The large, multi-stage lens barrel dominates the front panel of the Sony DSC-V3. Despite this apparent girth, the lens seems almost too small for the camera's overall size, though the large outer ring does offer some protection against impact when the lens is closed. When powered on, the lens extends from the barrel five-eighths of an inch into its operating position. A shutter-like lens cover automatically slides open and closed, eliminating the need for a separate lens cap (be aware, however, that a camera case is still advised, because these shutters are easily opened with slight finger pressure, and pointy objects could damage the lens). Filter threads inside the lip of the outer lens barrel accommodate an adapter that makes available a range of Sony accessory lenses, which extend the camera's zoom capabilities at each end of its focal length range, opening it up as wide as 24mm or as long as 231mm. Aside from the lens, the optical viewfinder window, Holographic AF emitter, and self-timer/IR LEDs are on the front of the camera. A large two-finger grip protrudes from the camera front as well, providing a firm hold for your right hand.
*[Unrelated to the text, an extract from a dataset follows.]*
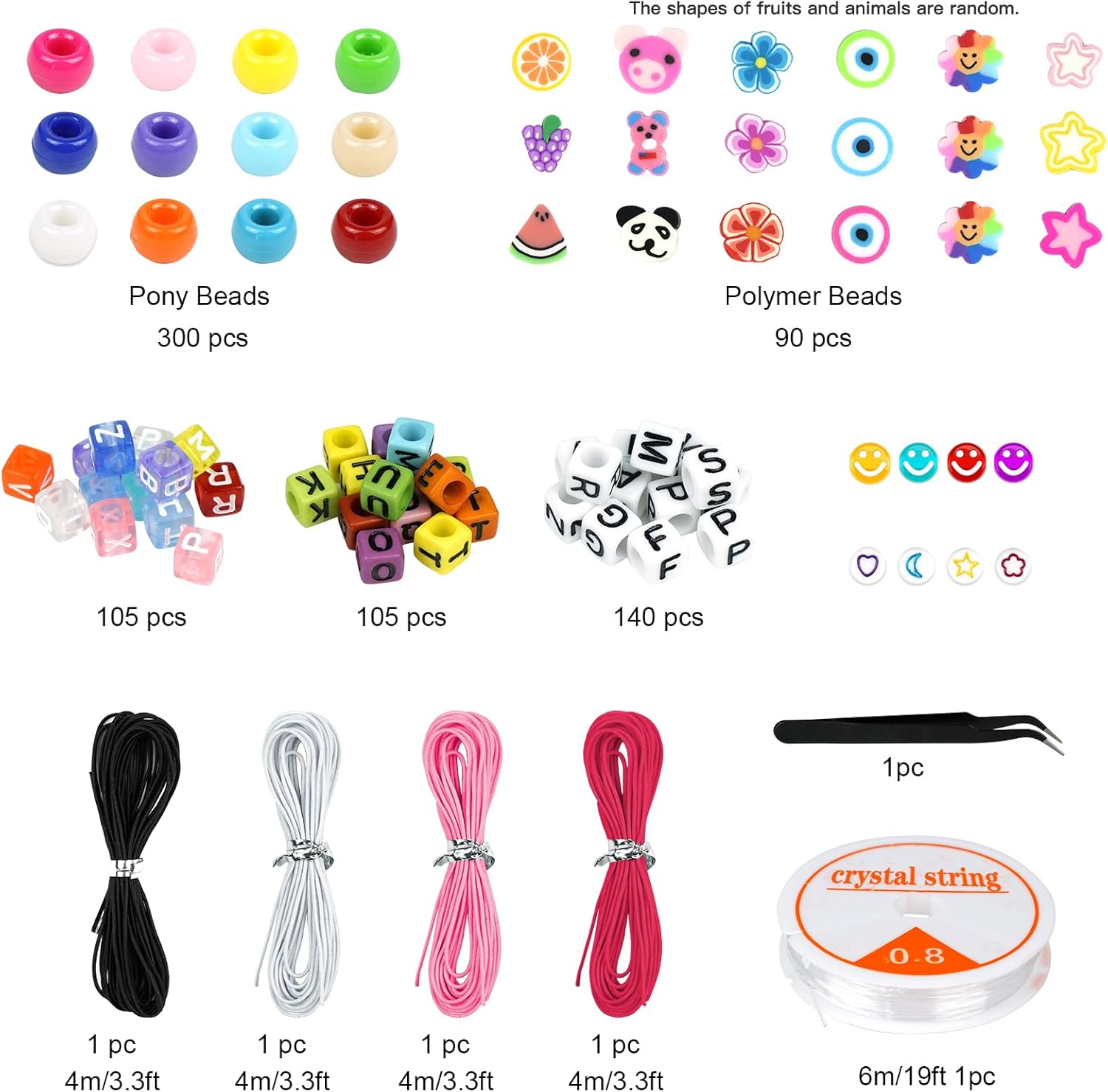 Kit de fabricación de pulseras - Jewelry Making Course reseña y precio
The right panel of the Sony DSC-V3 (as viewed from the rear) is featureless except for one of the eyelets used for attaching a neck or wrist strap. At the bottom of the right panel, the edge of the Memory Stick / battery compartment door is visible.

The Sony Cyber-shot DSC-V3's left panel features the other strap attachment eyelet, as well as the "ACC" Sony accessory connection jack, and the connector compartment. A hinged, rigid plastic door covers the connector compartment, where the USB, and A/V Out connector jacks are located.
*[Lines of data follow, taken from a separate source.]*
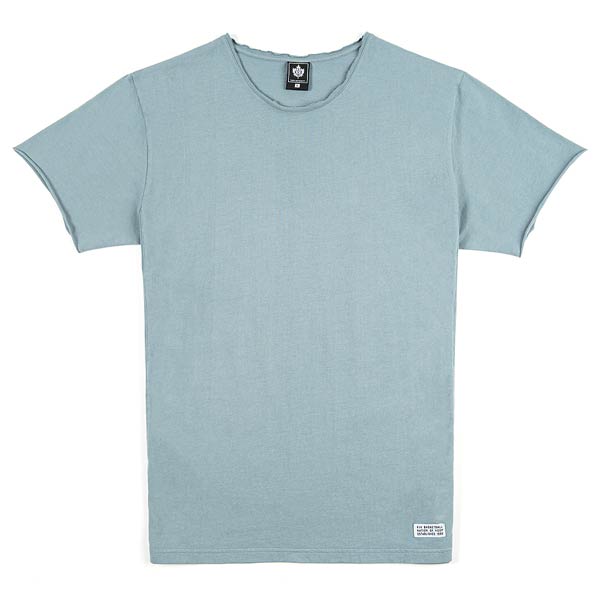 K1X Washed Authentic T-Shirt 'Citadel'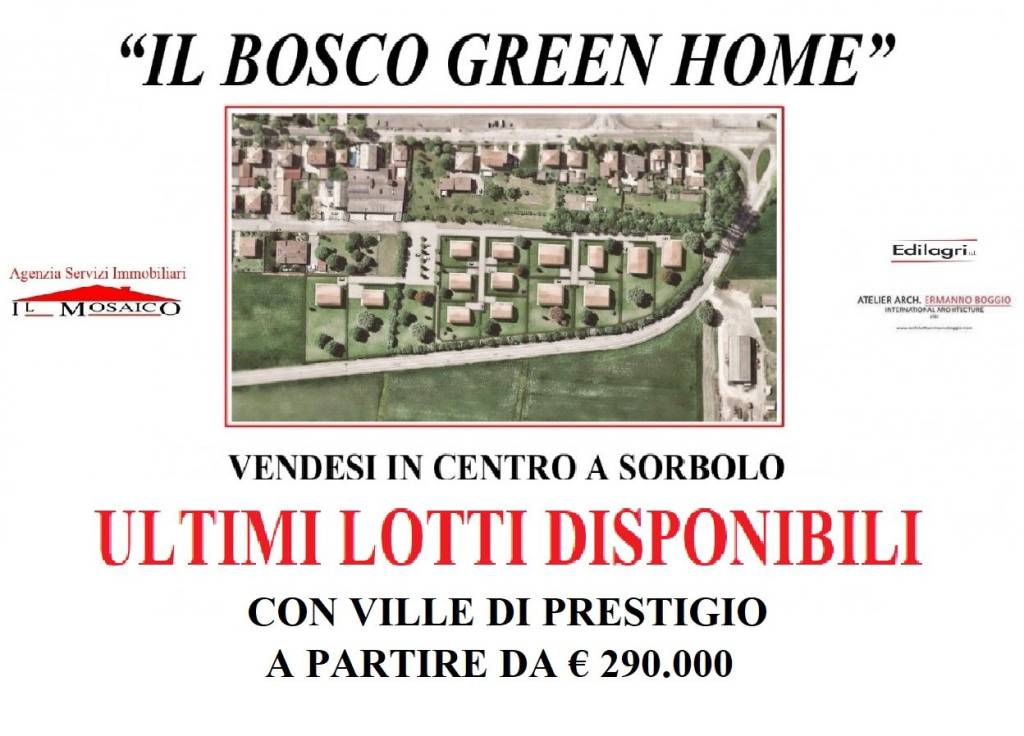 Villa in vendita a Sorbolo Mezzani via Italo Focherini, 23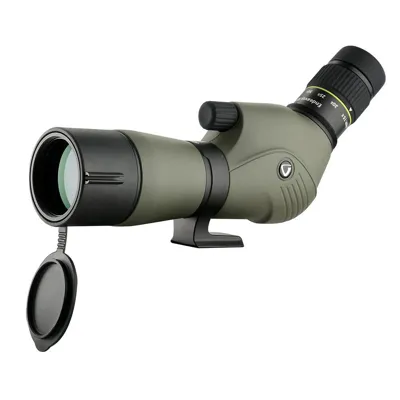 Endeavor XF 60A - Telescopio Terrestre 60x - Vanguard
The camera's top panel is unusual, though simple. The hot shoe is surrounded by brushed metal with a black anodized finish. In front of that is the twist-up flash and to the right are nine holes for the microphone. Down the "ramp" on the second level are the Power and NightFraming/NightShot buttons, both of them large, dome-shaped buttons. The large Mode dial is prominent on the camera, and has to be one of the finer design elements of the Sony Cyber-shot DSC-V3. It slides smoothly yet clicks positively, contributing to the very high-quality "feel" of the camera. Just left of the dial is a light pipe that illuminates green from down inside the camera, indicating the camera's on status. Out front on the grip is a very nice looking shutter button, angled just right. Matching the color, but not the texture of the other accents, I'd call it a light gunmetal color. From here you can also see the Command dial, located just below and behind the mode dial. The Command dial turns left and right and also presses in to switch modes in some control applications.
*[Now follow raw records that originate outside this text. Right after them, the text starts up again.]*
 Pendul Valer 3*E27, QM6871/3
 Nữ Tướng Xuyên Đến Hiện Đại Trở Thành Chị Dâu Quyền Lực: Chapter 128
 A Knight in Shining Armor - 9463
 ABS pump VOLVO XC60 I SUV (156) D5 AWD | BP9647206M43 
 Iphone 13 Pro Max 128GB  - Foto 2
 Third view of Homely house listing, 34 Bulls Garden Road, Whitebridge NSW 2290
The remaining camera controls are located on the Sony Cyber-shot DSC-V3's rear panel, along with the big 2.5 inch LCD monitor and optical viewfinder eyepiece. Three LEDs are aligned along the right side of the eyepiece, and light or blink to indicate camera status (such as autofocus trouble, charging flash, memory card access, etc.) On the left side of the eyepiece are the AE Lock, Exposure Compensation Focus, and Frame buttons, just above the LCD monitor. A Zoom rocker button is in the top right corner. The Display button is beneath the lower right corner of the eyepiece. Just above that is the recessed CF/Memory Stick switch and above right of that is the Command Dial. The Five-way controller is just right of the LCD. The arrow keys perform multiple functions, becoming increasingly traditional across camera brands: namely Flash mode, Macro mode, Self-timer, and an unusual "Review" button, which brings up the last image captured, but does not allow you to scroll through the others. The Menu and Image Size / Erase buttons are at the bottom of the panel, right above the DC in door.

The bottom panel of the Sony Cyber-shot DSC-V3 is nice and flat, with an all-metal tripod mount just off-center, the camera's speaker, and the Memory Stick / CF / battery compartment on the far right. A hinged, plastic door covers the compartment, sliding to the right before opening. One of my few complaints about the V3 is that the Memory Stick / battery compartment is too close to the tripod mount to allow quick changes without dismounting the camera. (I always notice this, given the amount of studio work I do, and find it particularly important with feature-laden cameras like this one.)